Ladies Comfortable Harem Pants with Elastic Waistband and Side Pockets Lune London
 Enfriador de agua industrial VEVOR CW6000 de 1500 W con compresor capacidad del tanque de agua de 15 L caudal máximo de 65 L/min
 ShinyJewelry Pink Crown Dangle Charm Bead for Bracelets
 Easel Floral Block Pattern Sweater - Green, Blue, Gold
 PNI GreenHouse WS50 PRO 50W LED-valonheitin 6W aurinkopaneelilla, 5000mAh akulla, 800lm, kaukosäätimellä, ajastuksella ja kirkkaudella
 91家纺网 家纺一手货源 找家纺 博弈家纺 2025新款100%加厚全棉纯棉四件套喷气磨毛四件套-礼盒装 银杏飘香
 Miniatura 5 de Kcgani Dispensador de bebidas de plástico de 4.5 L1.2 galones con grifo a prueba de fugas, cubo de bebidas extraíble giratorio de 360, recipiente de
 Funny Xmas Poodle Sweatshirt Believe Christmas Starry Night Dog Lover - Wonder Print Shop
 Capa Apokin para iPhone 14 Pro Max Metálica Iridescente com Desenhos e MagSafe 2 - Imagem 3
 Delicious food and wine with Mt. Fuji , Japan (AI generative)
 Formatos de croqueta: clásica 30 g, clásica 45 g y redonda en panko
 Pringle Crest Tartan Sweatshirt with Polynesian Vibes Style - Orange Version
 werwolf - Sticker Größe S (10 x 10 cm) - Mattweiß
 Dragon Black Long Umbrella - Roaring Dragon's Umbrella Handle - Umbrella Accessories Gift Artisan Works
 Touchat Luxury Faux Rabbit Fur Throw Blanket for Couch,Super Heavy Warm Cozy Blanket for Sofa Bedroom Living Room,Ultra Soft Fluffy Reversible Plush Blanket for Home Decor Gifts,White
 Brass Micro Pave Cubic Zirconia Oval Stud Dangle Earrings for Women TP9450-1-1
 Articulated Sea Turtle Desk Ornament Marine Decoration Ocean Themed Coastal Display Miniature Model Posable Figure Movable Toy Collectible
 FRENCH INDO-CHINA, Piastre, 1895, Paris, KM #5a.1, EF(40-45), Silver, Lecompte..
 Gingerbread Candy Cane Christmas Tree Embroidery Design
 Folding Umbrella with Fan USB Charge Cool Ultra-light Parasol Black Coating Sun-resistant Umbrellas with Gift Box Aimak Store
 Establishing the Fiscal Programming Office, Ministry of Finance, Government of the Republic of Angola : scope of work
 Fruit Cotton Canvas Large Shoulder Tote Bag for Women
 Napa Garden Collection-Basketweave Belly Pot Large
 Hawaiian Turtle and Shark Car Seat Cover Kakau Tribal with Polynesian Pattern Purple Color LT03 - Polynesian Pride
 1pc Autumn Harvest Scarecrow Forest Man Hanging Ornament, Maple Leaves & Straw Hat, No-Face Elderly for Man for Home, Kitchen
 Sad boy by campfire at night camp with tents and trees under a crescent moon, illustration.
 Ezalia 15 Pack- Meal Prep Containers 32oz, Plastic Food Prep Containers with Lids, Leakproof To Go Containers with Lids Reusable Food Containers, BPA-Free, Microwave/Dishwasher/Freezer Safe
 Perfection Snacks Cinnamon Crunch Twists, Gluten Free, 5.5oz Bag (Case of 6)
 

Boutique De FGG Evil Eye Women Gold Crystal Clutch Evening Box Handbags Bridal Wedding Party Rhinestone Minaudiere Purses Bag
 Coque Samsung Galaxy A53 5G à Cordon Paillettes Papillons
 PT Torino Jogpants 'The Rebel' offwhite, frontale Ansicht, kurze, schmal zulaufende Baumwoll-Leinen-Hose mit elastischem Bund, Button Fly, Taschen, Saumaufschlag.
····················
#### Exercise instructions:
Go through the lines above and copy any that contain "Home".

#### Output of the exercise:
 Touchat Luxury Faux Rabbit Fur Throw Blanket for Couch,Super Heavy Warm Cozy Blanket for Sofa Bedroom Living Room,Ultra Soft Fluffy Reversible Plush Blanket for Home Decor Gifts,White
 1pc Autumn Harvest Scarecrow Forest Man Hanging Ornament, Maple Leaves & Straw Hat, No-Face Elderly for Man for Home, Kitchen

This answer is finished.